Items from a data source:

[Start of section]

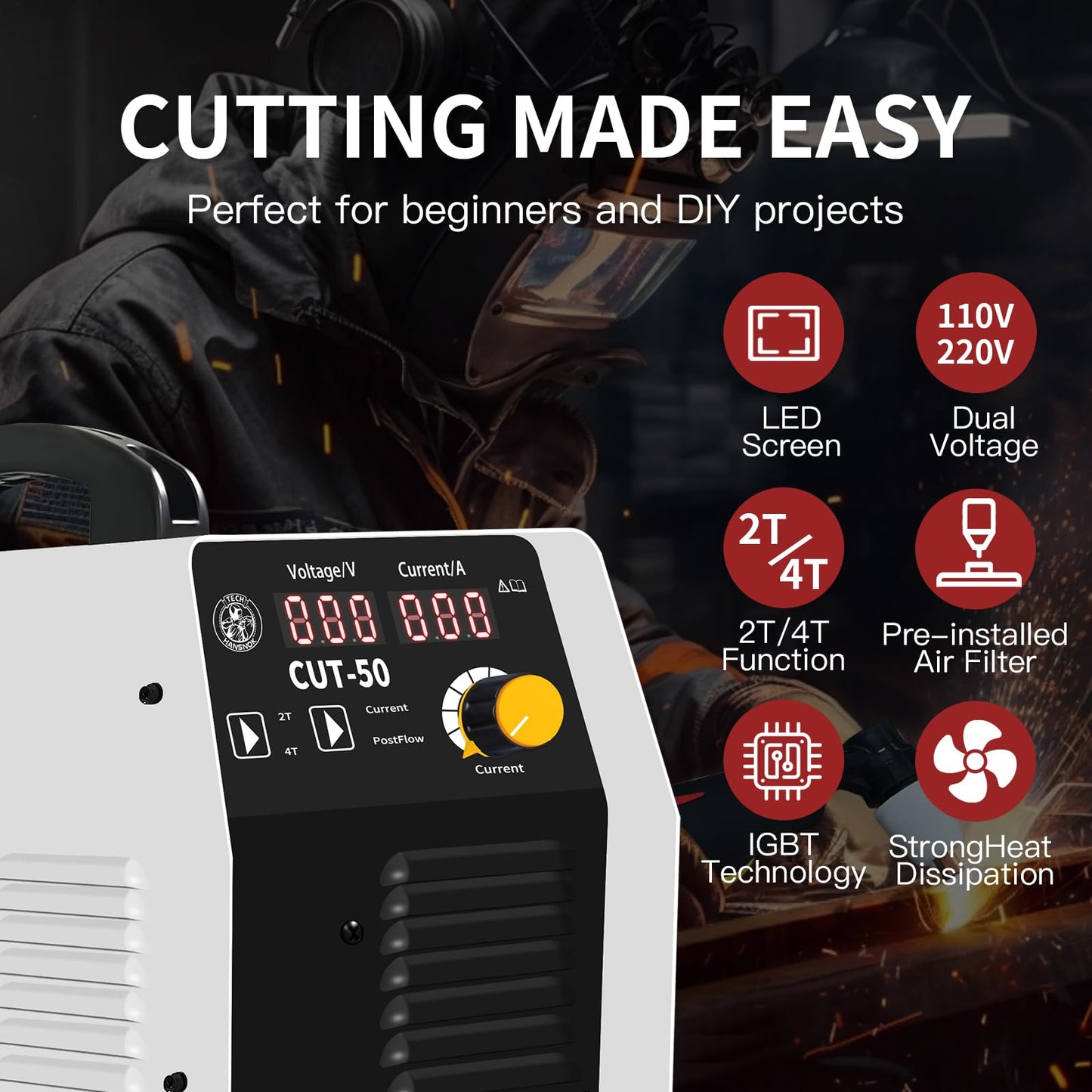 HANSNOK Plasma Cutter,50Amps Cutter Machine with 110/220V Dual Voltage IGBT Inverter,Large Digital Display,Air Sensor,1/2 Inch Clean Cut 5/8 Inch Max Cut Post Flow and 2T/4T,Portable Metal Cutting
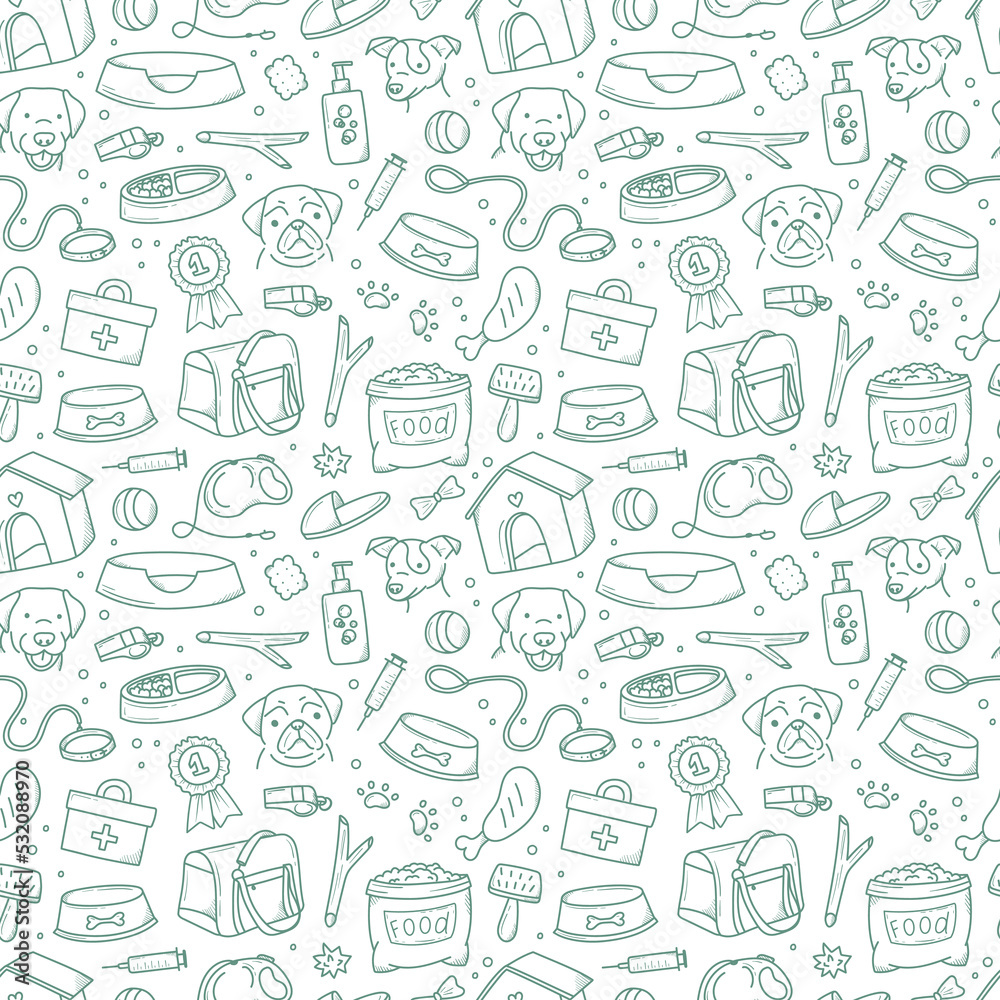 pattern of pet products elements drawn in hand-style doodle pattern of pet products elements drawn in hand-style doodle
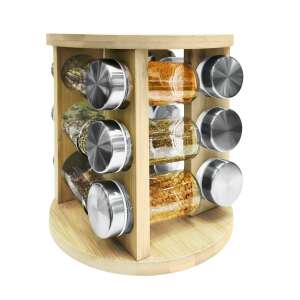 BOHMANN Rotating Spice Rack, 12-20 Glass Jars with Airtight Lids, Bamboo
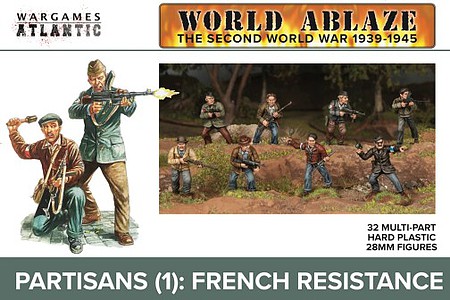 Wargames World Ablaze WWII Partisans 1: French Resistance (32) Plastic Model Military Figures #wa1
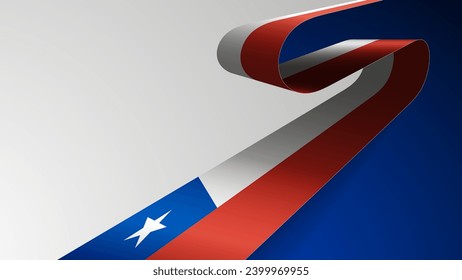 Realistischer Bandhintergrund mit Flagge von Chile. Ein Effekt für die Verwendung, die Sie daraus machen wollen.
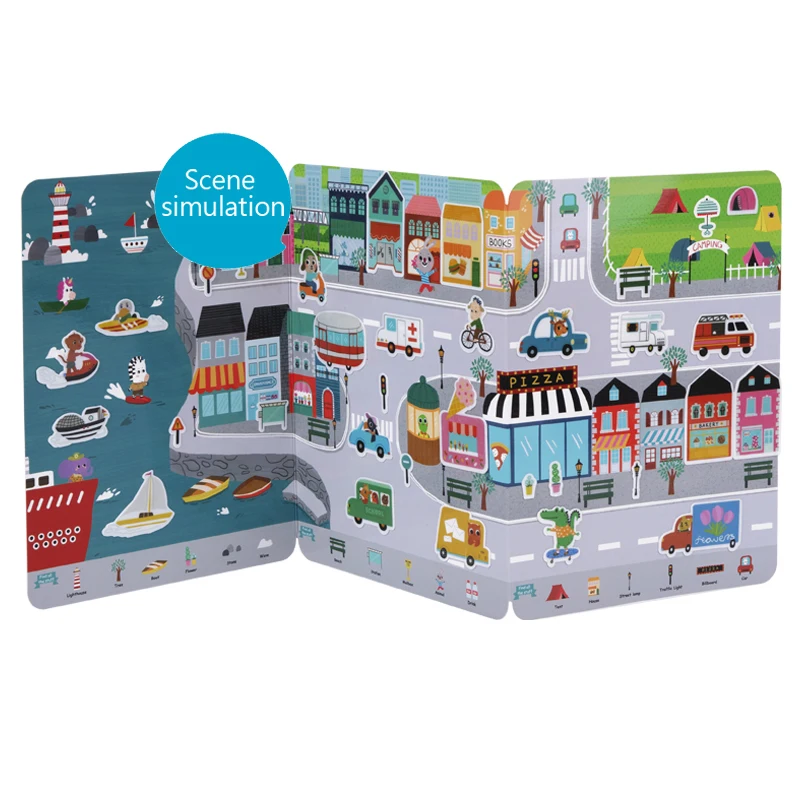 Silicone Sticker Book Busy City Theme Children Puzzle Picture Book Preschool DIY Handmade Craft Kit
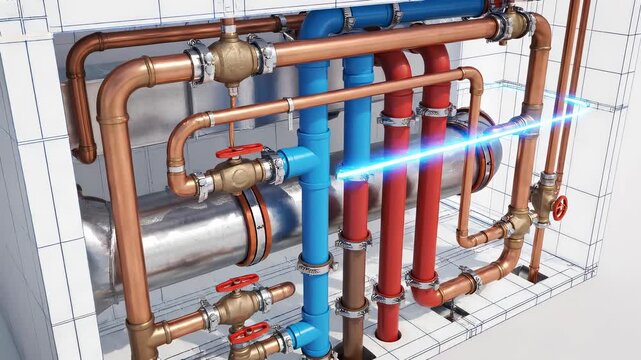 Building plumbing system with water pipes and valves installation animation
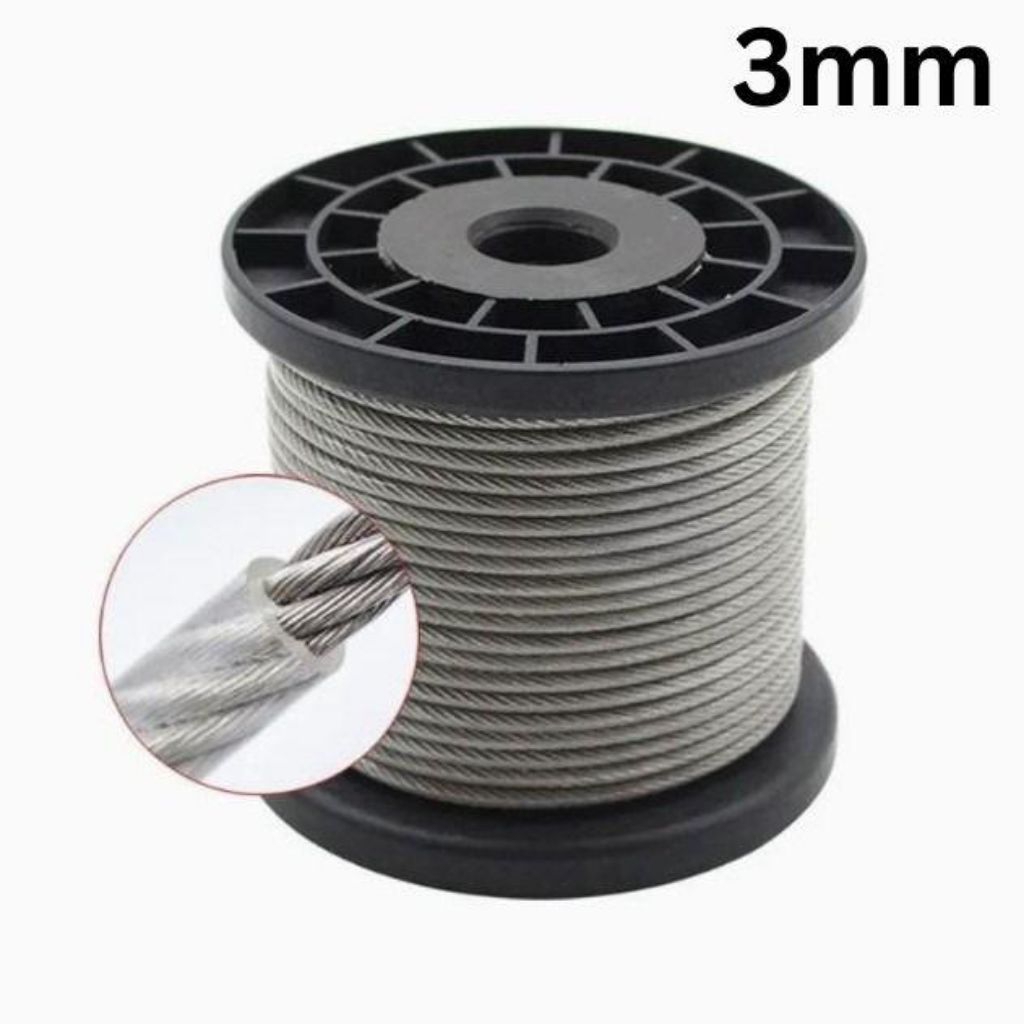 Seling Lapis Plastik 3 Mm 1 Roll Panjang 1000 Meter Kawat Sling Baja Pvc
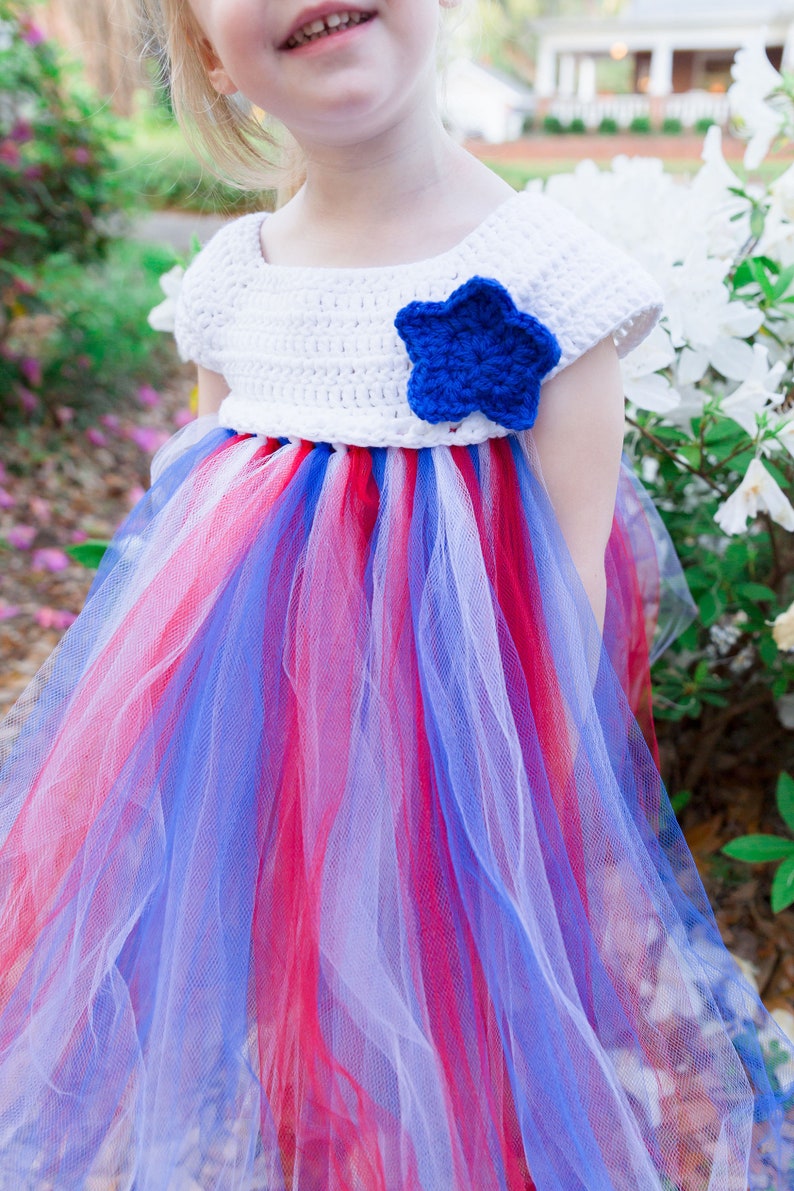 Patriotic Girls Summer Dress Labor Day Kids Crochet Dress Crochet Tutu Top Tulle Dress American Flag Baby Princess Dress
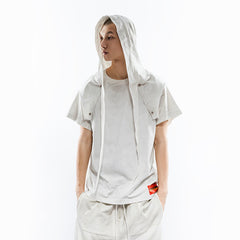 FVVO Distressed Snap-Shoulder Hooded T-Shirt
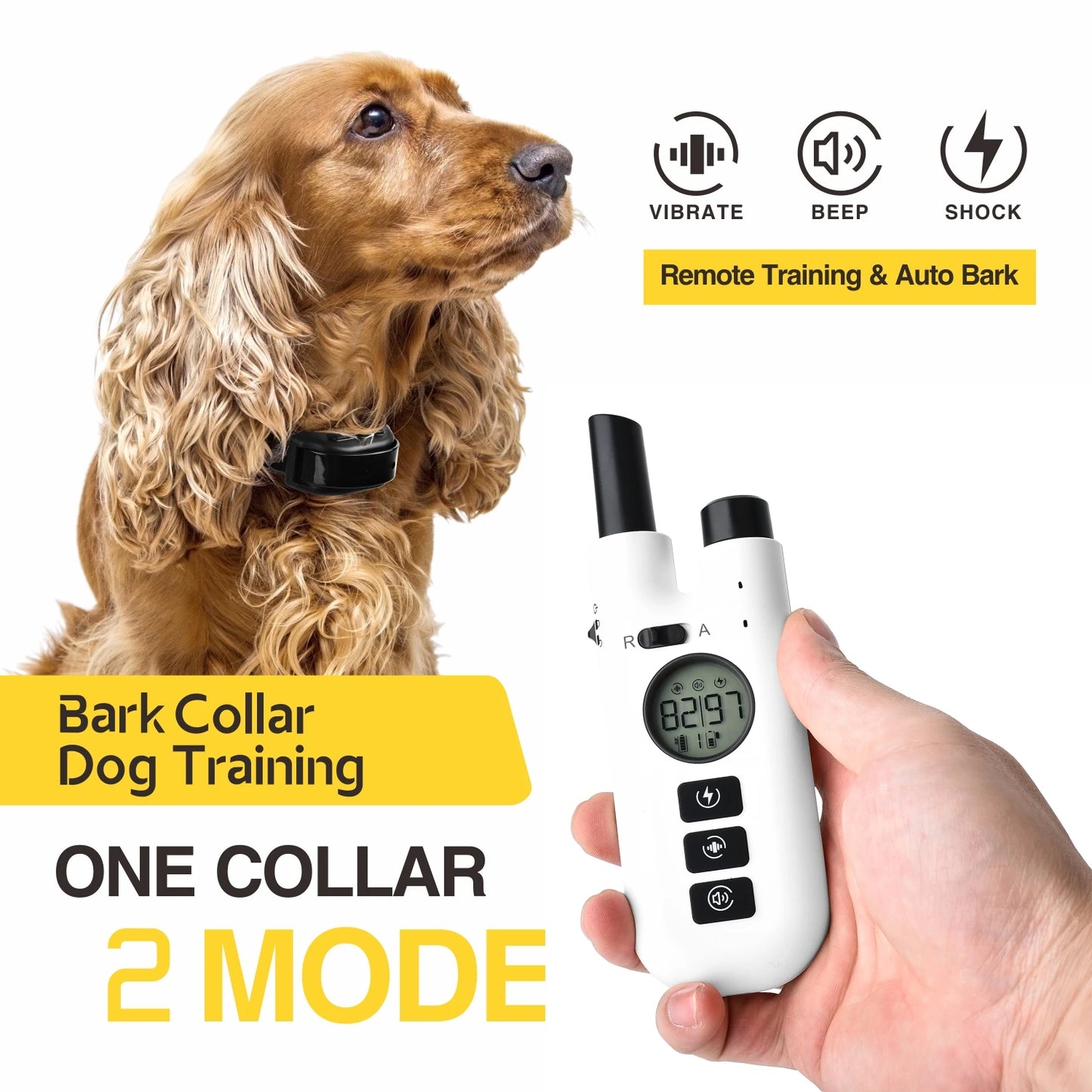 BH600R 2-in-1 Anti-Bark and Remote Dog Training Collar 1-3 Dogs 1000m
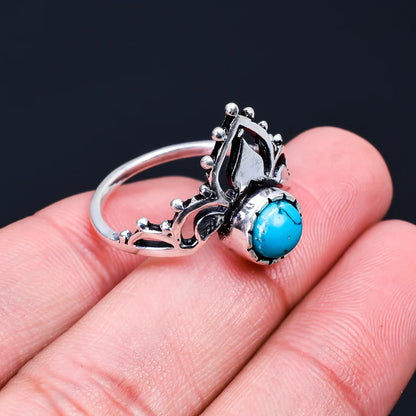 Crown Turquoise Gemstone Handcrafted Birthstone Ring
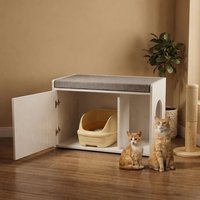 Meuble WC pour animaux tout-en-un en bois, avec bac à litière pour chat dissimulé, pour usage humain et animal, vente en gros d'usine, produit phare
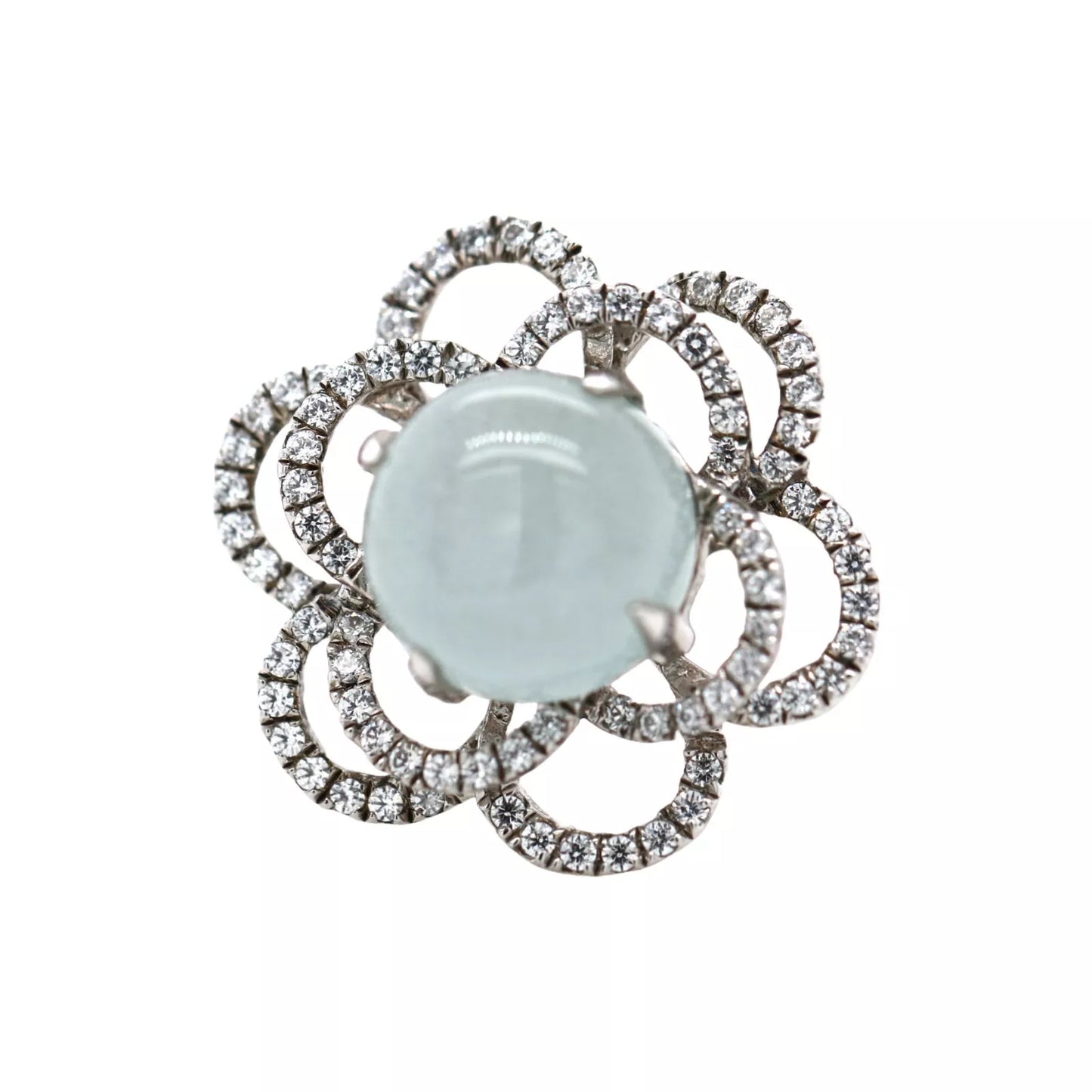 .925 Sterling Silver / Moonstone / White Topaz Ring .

[End of section]

* _What to do_
Copy the lines above between the one holding "hand-style doodle pattern" and the one holding "Silicone Sticker Book", inclusive. Drop the pictures.

* _The answer_
 pattern of pet products elements drawn in hand-style doodle pattern of pet products elements drawn in hand-style doodle
 BOHMANN Rotating Spice Rack, 12-20 Glass Jars with Airtight Lids, Bamboo
 Wargames World Ablaze WWII Partisans 1: French Resistance (32) Plastic Model Military Figures #wa1
 Realistischer Bandhintergrund mit Flagge von Chile. Ein Effekt für die Verwendung, die Sie daraus machen wollen.
 Silicone Sticker Book Busy City Theme Children Puzzle Picture Book Preschool DIY Handmade Craft Kit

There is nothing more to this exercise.